Sermon for the Epiphany, 6th January 2010

Dec 31st, 2009 | By | Category: Sermons

“ . . . they went on their way, and the star they had seen in the east went ahead of them until it stopped over the place where the child was”.  Matthew 2:9

‘A cold coming we had of it,
Just the worst time of the year
For the journey, and such a long journey:
The ways deep and the weather sharp,
The very dead of winter.’

The opening lines of ‘The Journey of the Magi’ by the poet T.S.Eliot, lines he took from the English bishop Lancelot Andrewes, who lived three centuries previously.

The wise men, the Magi, have fascinated people for centuries. We need to put away our traditional Christmas card pictures of the Magi, we need to forget the gorgeous silken robes and the elegant appearance, because if you were like that you’d get robbed no sooner than you were outside the city walls. Instead, when we think about the Magi we need to think of men who were very wise to the ways of the world, strong, tough, resilient characters.

These men are in many ways troublesome figures because in reality they are much stronger than our Christmas card pictures, they are dangerous for the times they live in because no-one knows who they were, where they were from, or what dangers they might pose.

Centuries later the tradition developed that there were three of them, (the number comes fro the description of their gifts as gold, frankincense and myrrh), the names given to them were Caspar, Melchior and Balthazar.

To this day they are popular figures in Germany and Austria. Go to towns in the Catholic areas of either country and you will see chalked above the doors of the houses and the shops ‘’C+M+B’ and the year. The inscription is a mark that carol singers have called on the Epiphany, singing the Good News of Jesus’ birth, just as the wise men, Caspar plus Melchior plus Balathazar, carried with them the Good News all those centuries before. The initials of the wise men CMB are also the initials for ‘Christus mansionem benedicat’, the Latin for ‘Christ bless this house’. The chalk inscriptions are a reminder of the Good News received by the wise men and also a prayer that the house that remembers the wise men will be a place of blessedness.

The wise men come on the Epiphany, a word meaning ‘light upon’ because it was seen as the day when the light of Christ came to be upon all people. In the old black Book of Common Prayer the day has an alternative name, it is called ‘The Epiphany or the Manifestation of Christ to the Gentiles’. This is the key to their part in the story.
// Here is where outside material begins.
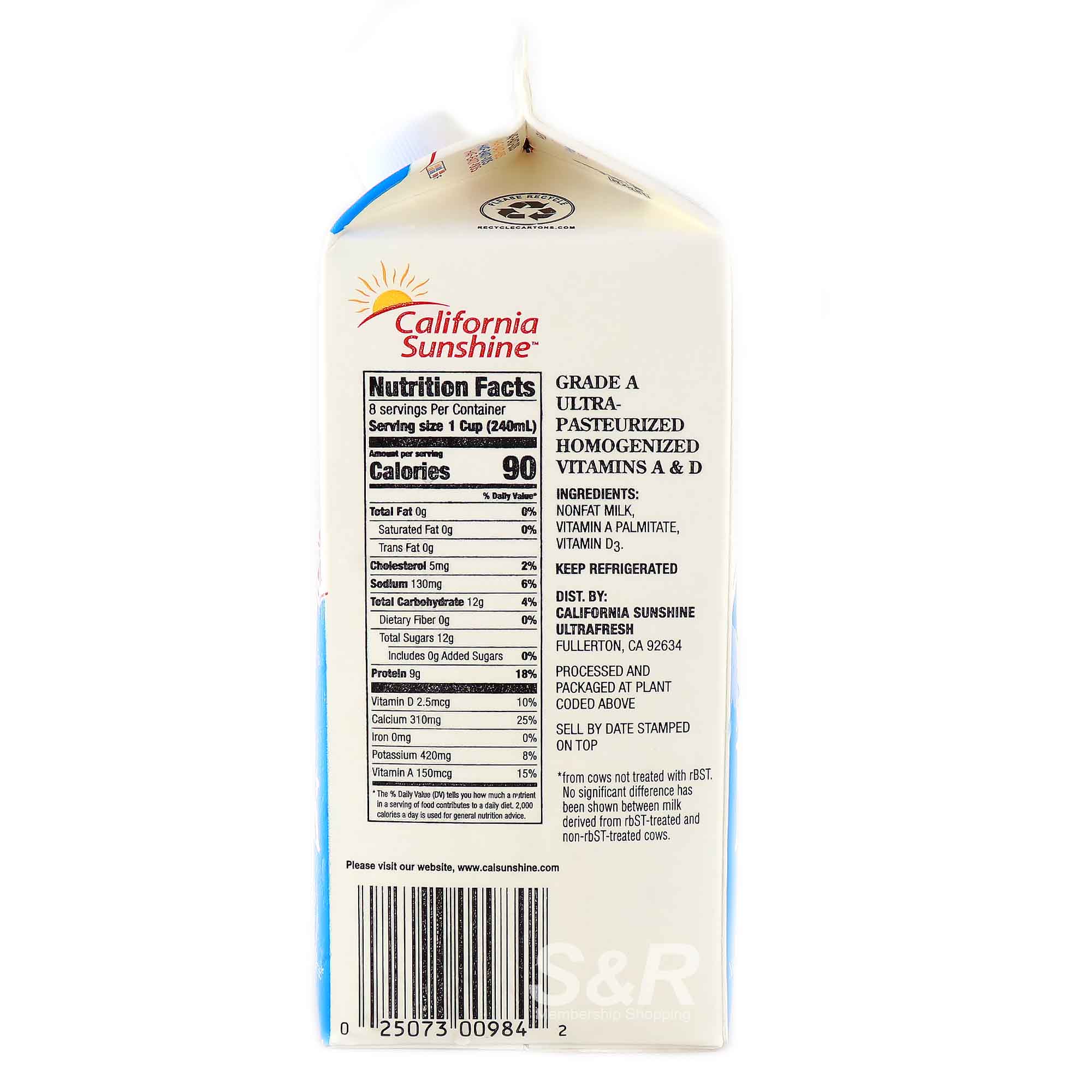 California Sunshine Nonfat Milk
The Magi are remembered today not because T.S. Eliot wrote a wonderful poem in which he captures some of the mystery of these strangers, but because the Magi represent us, ourselves, you and me. The Bible up to this point has been about God’s relationship with a particular people, with the people of Abraham, the people of Israel, the Jews. Then this child in Bethlehem is born and the whole story is opened up. The Magi are Gentiles, they are foreigners, they are not part of God’s people, they do not share in God’s promises. But now all this changes, Jesus welcomes all who believe in him, whether Jews or Gentiles. We become one of God’s people not by being born as one but by believing in this Jesus.

The Epiphany is a great day for us because it is the day when we are reminded that we too can be part of God’s plans. The Magi were very far from being God’s people, yet if they are included, then we can be as well. Once meeting with Jesus the Magi were never the same again, the stories that grew up around them presumably came from them telling their story of meeting with Jesus. When we meet with Jesus we are never the same again.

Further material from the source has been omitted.